Born in Saudi Arabia in 1970, Sami Omar al-Hussayen is the son of a senior Saudi Education Ministry official. Raised with six siblings in a comfortable home in Riyadh, he moved to the United States in the 1990s and earned a master’s degree at Ball State University. He and his wife moved to the rural town of Moscow, Idaho in 1999, when Mr. al-Hussayen enrolled for doctoral studies in computer security at the University of Idaho (UI). The Saudi government paid his educational expenses, plus a $2,700 monthly stipend.
Al-Hussayen soon became the leader of UI’s Muslim Students Association (MSA). On May 11, 2001, he registered with the state of Idaho as an official agent of the Islamic Assembly of North America (IANA), a Michigan organization which the U.S. government was investigating for possibly supporting terrorists in the Middle East.
Al-Hussayen helped administer several Arabic-language websites (some of which were owned by, or affiliated with, IANA) rife with violent, anti-Western rhetoric and the writings of radical Muslim religious figures who encourage suicide bombings. One website al-Hussayen allegedly helped set up carried an article justifying the use of passenger airplanes as terror weapons.
On September 11, 2000, al-Hussayen registered the Internet site www.alasr.ws, an Arabic-language, IANA-produced online magazine providing links to other IANA websites. In June 2001, alasr.ws carried an article by a Saudi-trained Kuwaiti cleric (Sheik Hamed al-Ali) titled, “Provision of Suicide Operations,” which stated: “The warrior must kill himself if he knows that this will lead to killing a great number of the enemies, and that he will not be able to kill them without killing himself first, or demolishing a center vital to the enemy or its military force. This can be accomplished with the modern means of bombing or bringing down an airplane on an important location that will cause the enemy great losses.” The Arabic-language version of this same site in June 2001 carried an article advocating suicide bombings against “unbelievers who have declared war against the Muslims.”
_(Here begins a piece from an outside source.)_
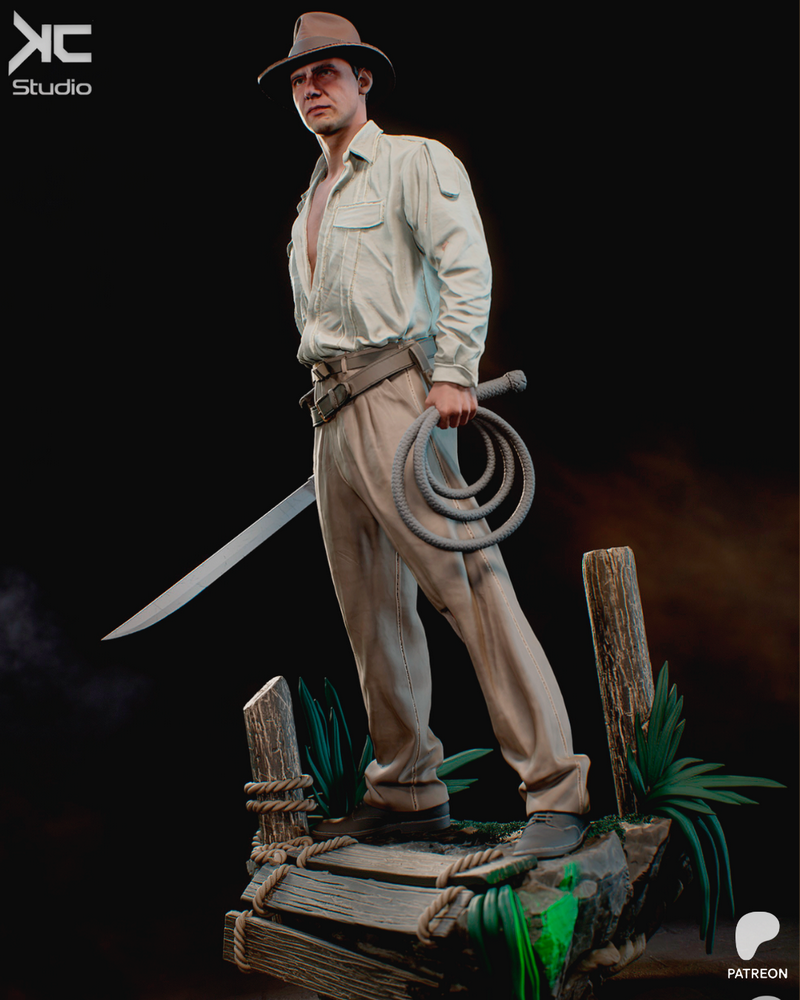KC Studio -夺宝奇兵：最后的法老 - 3D打印模型|KC Studio – Indiana Jones – Temple of Doom – 3D Print Model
Al-Hussayen came to the attention of the FBI when the Bureau was contacted by an employee of a bank branch in Moscow, Idaho. After 9/11, the employee noticed an increase in deposits to al-Hussayen’s previously modest accounts and became suspicious. The FBI soon learned that al-Hussayen had communicated often with two radical clerics known as the “awakening sheiks” because of their ideological influence on young Arabs. The clerics — Salman al-Ouda and Safar al-Hawali — are widely recognized as intellectual godfathers of Osama bin Laden’s al Qaeda terrorist network.
On February 26, 2003, FBI agents arrived before dawn in unmarked vehicles at al-Hussayen’s home to arrest him for several counts of visa fraud and making false statements. The visa fraud charges stemmed from the fact that al-Hussayen had knowingly failed to mention his affiliation with IANA on his visa application when he entered the United States; moreover, he had claimed on several visa applications that he wanted to come to the U.S. “solely” to study, when in fact he also took work as a webmaster for IANA. (Foreign students on student visas in the U.S. are not permitted to work for employers not situated on their campus).
Al-Hussayen allegedly raised at least $300,000 over five years for IANA. He used six bank accounts to collect and disburse the money and had extensive e-mail and telephone contact with the organization, the FBI said in court filings and testimony. About $100,000 of the money allegedly came in two installments from the student’s uncle, Saleh Abdel Rahman al-Hussayen.
In January 2004, Sami Omar al-Hussayen was charged with two counts of conspiracy to provide material support (via his computer skills) to terrorists. Two months later, he was charged with conspiracy to provide material support to Hamas — through donation links on various websites that he allegedly maintained. He was also charged with eight immigration violations related to his aforementioned visa fraud.
Al-Hussayen’s trial began in April 2004 and lasted six weeks. He was acquitted in early June of the terrorism charges as well as three of the immigration violations. But the jury deadlocked on the remaining immigration charges — all of which were dropped in exchange for the defendant’s agreement to be deported rather than go through a retrial. In July 2004 al-Hussayen was deported to Saudi Arabia, where he now lives with his wife and three sons. He currently works as an instructor at a technical university in Riyadh.